Über 50 neue Waldbrände in Griechenland – an einem Wochenende. In der Türkei brennen die Wälder so schlimm wie seit Jahren nicht mehr. Auch in Italien kämpfen Feuerwehrleute gegen Hunderte von Waldbränden. Ist das noch normal oder schon der Klimawandel?
"Normal ist das wahrscheinlich nicht mehr", sagt der Forstwissenschaftler und Waldbrandmanager Alexander Held vom European Forest Institute in Bonn. Aber:
"Es könnte das neue Normal werden, weil diese Klimaschwankungen natürlich häufiger und extremer werden."
Damit es zu so heftigen Waldbränden wie derzeit kommt, ist Held zufolge ein Zusammenspiel verschiedener Faktoren notwendig. Zum einen braucht es die entsprechende Wetterlage: eine lang anhaltende Trockenheit, damit die Vegetation so trocken ist, dass sie zu Brennmaterial wird. Je trockener, desto intensiver die Brände – und dann sei es eigentlich auch unmöglich, diese zu löschen. "Man läuft dann der Lage immer hinterher."

"Über 90 Prozent der Brände sind menschlichen Ursprungs"

Zum anderen braucht es den Menschen, der absichtlich oder unabsichtlich Feuer legt: "Mit Sicherheit sind gut über 90 Prozent menschlichen Ursprungs", sagt der Waldbrandexperte. Dahinter steckt seiner Ansicht nach allerdings nicht mehr Baulandspekulation wie vielleicht noch vor einigen Jahren.
"Aber wir schauen natürlich auf Landstriche, in denen einerseits Tourismus stattfindet, andererseits auf kleiner Fläche sehr intensive Landwirtschaft, auf anderer Fläche passiert nichts mehr. Wir haben illegale Müllentsorgung, wir haben Arbeitslosigkeit, wir haben Flüchtlingsprobleme. Es ist eine unglaublich komplexe Lage an Unzufriedenheit in Teilen der Bevölkerung. Teil dieser Unzufriedenheit mag durchaus Anstifter sein, um seinen Unmut auszudrücken."
Auf der anderen Seite seien viele Feuer auch durch gewöhnliche Landnutzungspraxis verursacht:
"2006 hieß es: Feuerkatastrophe im Kosovo. Aber wenn man sich das angeschaut hat, war es wie jedes Jahr: Die Schäfer haben die Weinberge abgebrannt", sagt Held. Aber wenn das unter Wetterbedingungen wie jetzt passiere, "dann gehen diese Feuer nachts nicht mehr aus, sondern brennen wochenlang und finden natürlich auch aufgrund der Ansammlung von viel Brennmaterial Umgebungsbedingungen, die völlig außer Kontrolle geraten."
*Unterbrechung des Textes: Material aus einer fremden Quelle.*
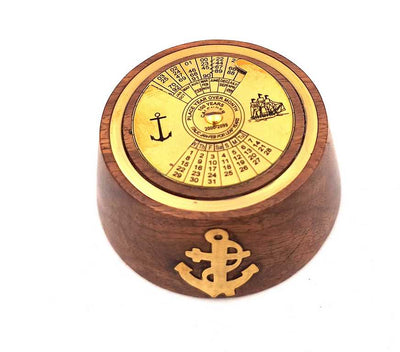 Elegáns sárgaréz-fa öröknaptár, személyre szabható gravírozással, ideális ajándéknak - barna és aranyszínű, méretek: 7,5 x 3,5 cm
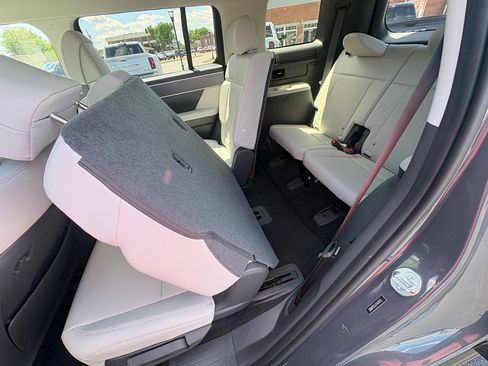 Used 2026 Hyundai Santa Fe SEL AWD/4WD image 25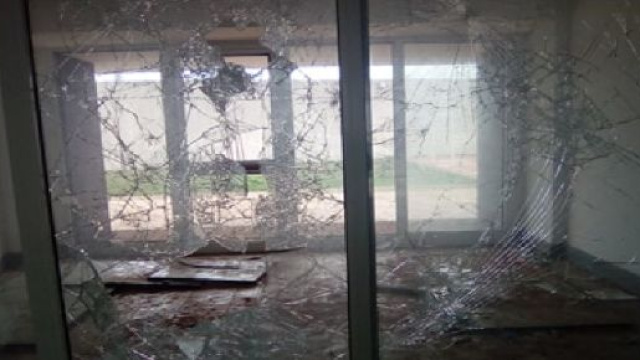 Tuturano, nuovo atto vandalico al centro giovanile abbandonato: sfondata vetrata interna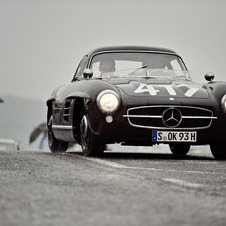 A marca vai competir tanto com uma versão de corrida do 300SL como com uma versão de estrada do mesmo carro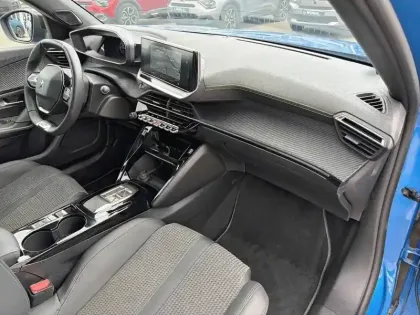 Photo 46 Peugeot 2008  Electrique 136 ch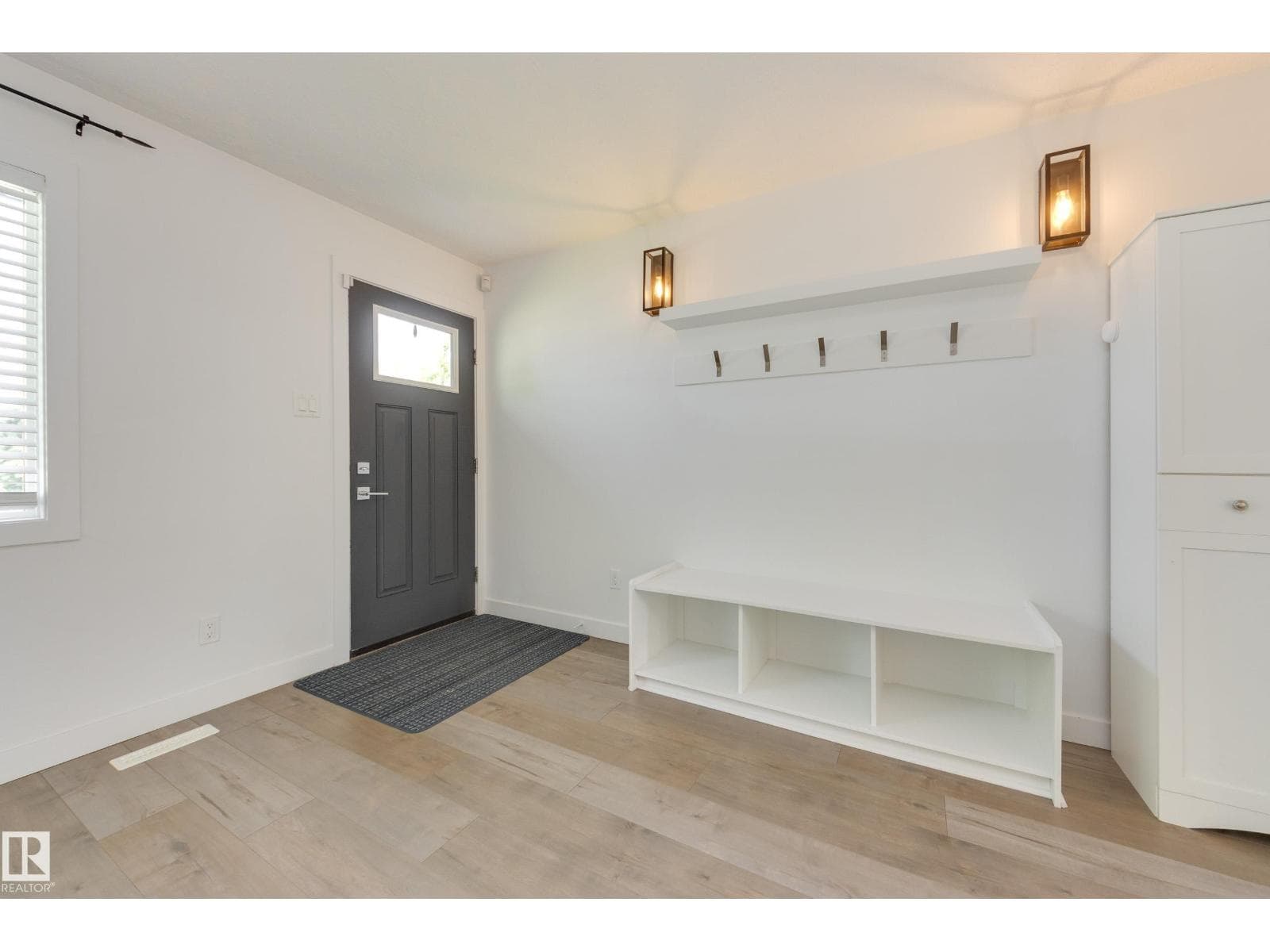 13112 90 ST NW — photo 3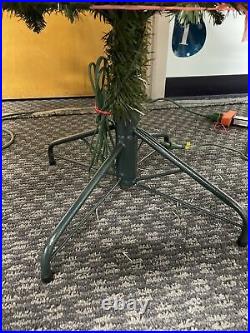 Treetopia Portland Pine 6.5 ft Tree with LED Clear & Multicolor Lights NEWithOpen Treetopia Portland Pine 6.5 ft Tree with LED Clear & Multicolor Lights NEWithOpen
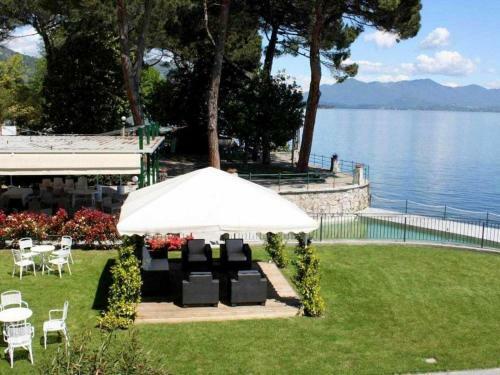 Elegant Apartment Located On Lake Maggiore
Gravierende ökologische Folgen

Ferner warnt der Forstwissenschaftler vor den ökologischen Folgen dieser hochintensiven Waldbrände: Diese hätten selbstverständlich Einfluss auf den Humusgehalt des Bodens und die darin lebenden Mikroorganismen, die enorm wichtig für eine Wiederbegrünung seien.
Grundsätzlich sei die Natur in der Lage, sich von solchen Störungen zu erholen, wenn sie einigermaßen im Gleichgewicht sei: Aber "Feuer, die so intensiv brennen, sind eigentlich das beste Zeichen dafür, dass irgendetwas nicht im Gleichgewicht ist."